1. 6

  2. 1

    “Too random” means “inappropriately distributed”.

    C++’ new library has distributions, and it’s great. If you want randomness that looks like how people’s height varies randomly, with that hump around the average, C++ gives you that, it’s called “normal” (and there are variations of that, yes). If you want randonness that looks like the number of customers entering a shop per minute (or I suppose requests to an API per second, absent crontabs), C++ gives you that, it’s called “poisson” (usually). No need to reinvent 19th century statistics just because you model something that isn’t uniformly distributed.

    1. 3

      Low-discrepancy sequences are a different topic than choice of distribution, though I agree people should also pay attention to that question. A low-discrepancy sequence is often a replacement for uniform sampling in cases where you want something more uniform, e.g. you want to draw 50 numbers, but with a high chance of them being fairly evenly spaced, which isn’t a property you get from small-sample draws from a uniform distribution. When you draw a lot of numbers you’ll get something that approaches uniform coverage, but in small samples it’s quite likely you’ll get clumping, which is not a problem if you actually want uniformly random draws (since that’s what they look like!), but can be a problem if you’re really using them as a proxy for something else where coverage matters, like to drive a Monte Carlo algorithm.

      1. 2

        (Reply-to-self, because too late to edit.)

        Upon further thought, a better way of putting this might be the other way around (i.e. not the way this post’s title puts it). You can view low-discrepancy sequences as being not for when random numbers are too random, but for when a uniform (non-random) grid is too uniform. For example, if you use the uniform grid [0, 5, 10, 15 .. 100] to run some kind of algorithm on the interval [0 .. 100] without running it at every point, you have a bunch of weird regularities to it, like every single number you picked happening to be divisible by 5, which is not really representative of the overall properties of the interval [0 ..100]. But if you instead sample [0 ..100] randomly, you do get nicely random statistics of every kind, but a good likelihood of bad coverage of the interval due to clumping. So the goal is to come up with a deterministic sequence with good coverage that nonetheless “looks” random.

        In a sense this is saying the same thing, that we magically want some of the properties of both a uniform grid and uniformly-random sampling.
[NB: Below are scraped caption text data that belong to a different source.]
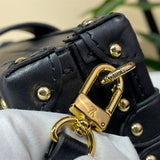  shopper bag close-up of hardware and finish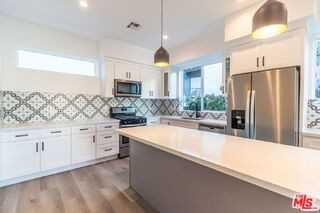 5323 Ben Ave - Photo 3 of 8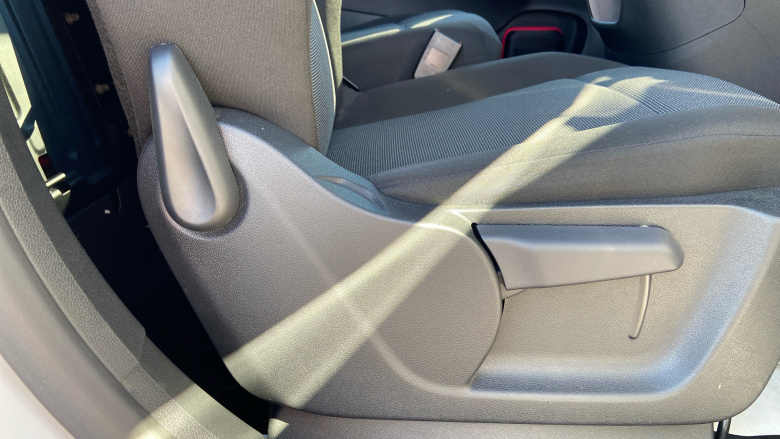 Vauxhall Combo Cargo Combo Xl Electric 100kW Pro 52kWh H1 Van Auto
But putting it this way sides towards saying this is a specially chosen type of grid that tries to minimize spurious regularities (like every number being divisible by 5), rather than a special type of random sampling.

      2. 1

        I agree with your comment - what the author is looking for is less variance in what ever they generate. So a fast, pragmatic way, would be to take a uniform grid of whatever dimensionality then add a gaussian jitter around points on that grid.